### Input data
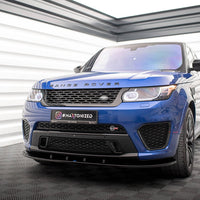Maxton Design - FRONT SPLITTER V.1 LAND ROVER RANGE ROVER SPORT SVR MK2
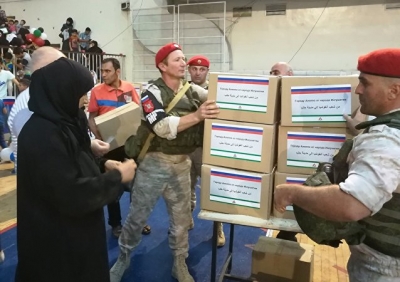 Welat&ecirc; Ingoşiya al&icirc;kariy&ecirc; li ser xelk&ecirc; Heleb&ecirc; belav dike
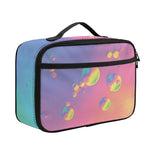 Pastel Acid Melt Print Portable Lunch Bag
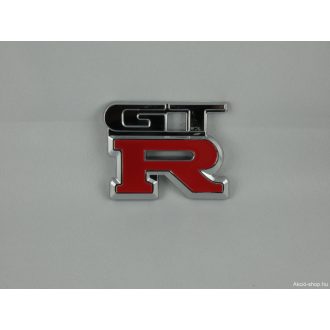 Öntapadó króm embléma GTR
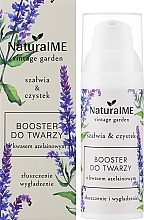 アゼログリシン配合フェイシャルブースター「セージ＆シスタス」 - NaturalME Vintage Garden Sage & Cistus Exfoliation & Smoothing Booster With Azeloglycine — photo N2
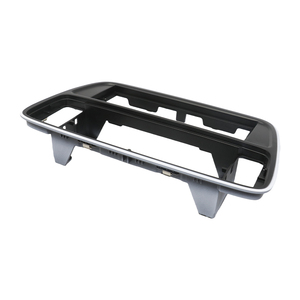 1 Din autoradio Fascia telaio lunetta per Volkswagen 2012 +, <span class=keywords><strong>Skoda</strong></span> <span class=keywords><strong>Citigo</strong></span> 2013 +, Kit pannello cruscotto nero - Product Image 6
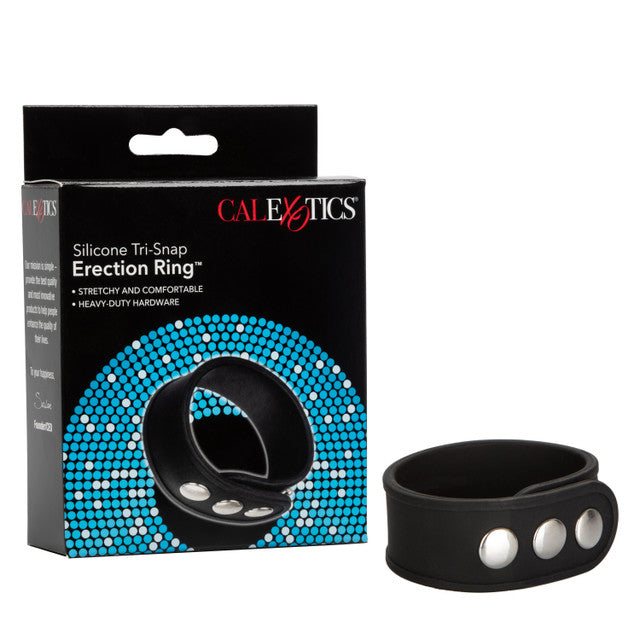 Silicone Tri-Snap Erection Ring™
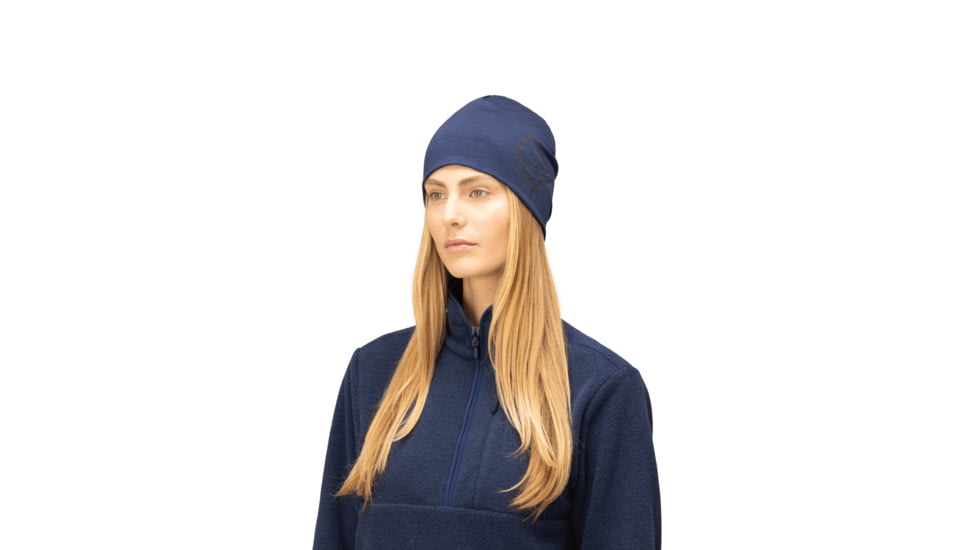 Norrona /29 PureUll180 Beanie, Indigo Night, One Size, 3426-24-2295-One Size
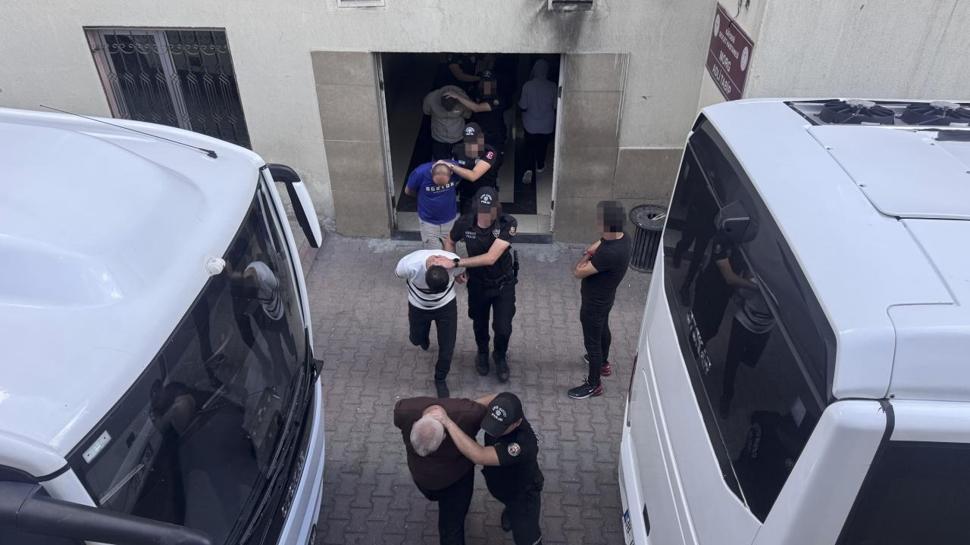 20 ilde suç örgütlerine ağır darbe: 178 gözaltı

### Required work
In the data above, find the line with "Öntapadó króm embléma GTR" and repeat it and every line after it through the end, exactly; leave the pictures out.

### Result for this exercise
 Öntapadó króm embléma GTR
 アゼログリシン配合フェイシャルブースター「セージ＆シスタス」 - NaturalME Vintage Garden Sage & Cistus Exfoliation & Smoothing Booster With Azeloglycine — photo N2
 1 Din autoradio Fascia telaio lunetta per Volkswagen 2012 +, <span class=keywords><strong>Skoda</strong></span> <span class=keywords><strong>Citigo</strong></span> 2013 +, Kit pannello cruscotto nero - Product Image 6
 Silicone Tri-Snap Erection Ring™
 Norrona /29 PureUll180 Beanie, Indigo Night, One Size, 3426-24-2295-One Size
 20 ilde suç örgütlerine ağır darbe: 178 gözaltı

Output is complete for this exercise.